Helm Charts

The atomic packaging unit of Helm. A chart is a directory of files that describes a set of Kubernetes resources using Go templates, default values, and metadata. Charts turn complex multi-resource applications into reusable, versioned, and configurable packages.
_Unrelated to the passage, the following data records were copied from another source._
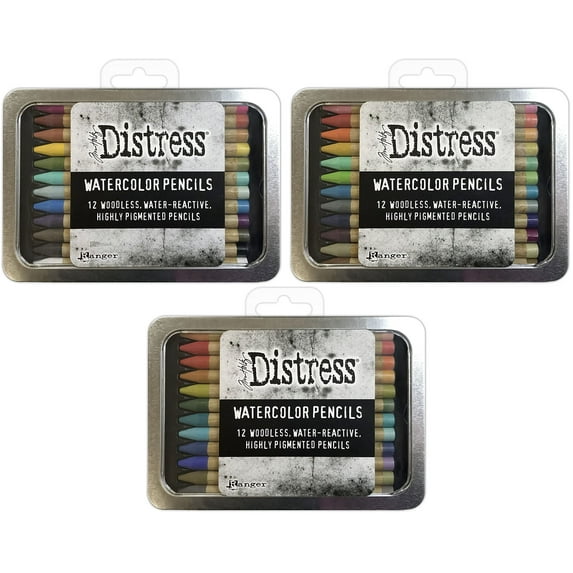Tim Holtz Distress Watercolor Pencils Set 1, 2 and 3-36 Woodless Watercolor Pencils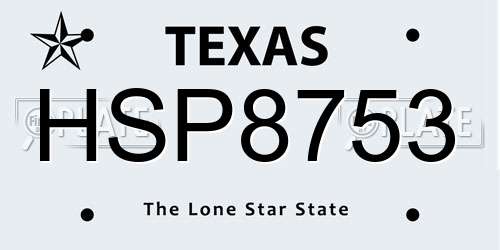 HSP8753 Texas License Plate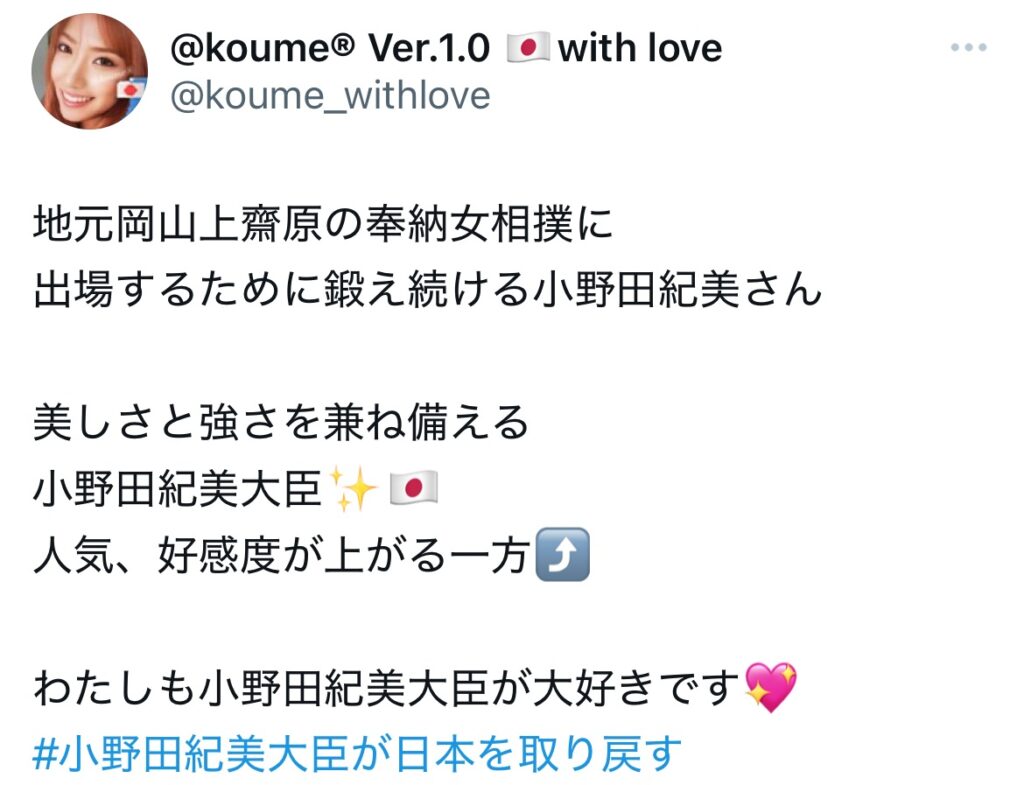 小野田紀美の評判に関するXのスクショ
Synthesized from Helm Zero to Hero by @AbhishekVeeramalla.

Chart Directory Structure

A chart is a filesystem tree with a mandatory top-level Chart.yaml and a templates/ directory:

myapp/
├── Chart.yaml          # Chart metadata and dependencies
├── values.yaml         # Default configuration values
├── values.schema.json  # Optional JSON schema for values validation
├── charts/             # Sub-charts (dependencies)
├── templates/          # Kubernetes manifest templates
│   ├── _helpers.tpl    # Named template helpers
│   ├── deployment.yaml
│   ├── service.yaml
│   ├── ingress.yaml
│   ├── hpa.yaml
│   └── NOTES.txt       # Post-install notes shown to user
├── templates/tests/    # Test manifests (run by helm test)
└── README.md           # Human-readable documentation

Every file in templates/ is rendered through Go’s text/template engine. Files starting with an underscore (_) are not rendered as standalone manifests — they are intended for inclusion via {{ include }} or {{ template }}.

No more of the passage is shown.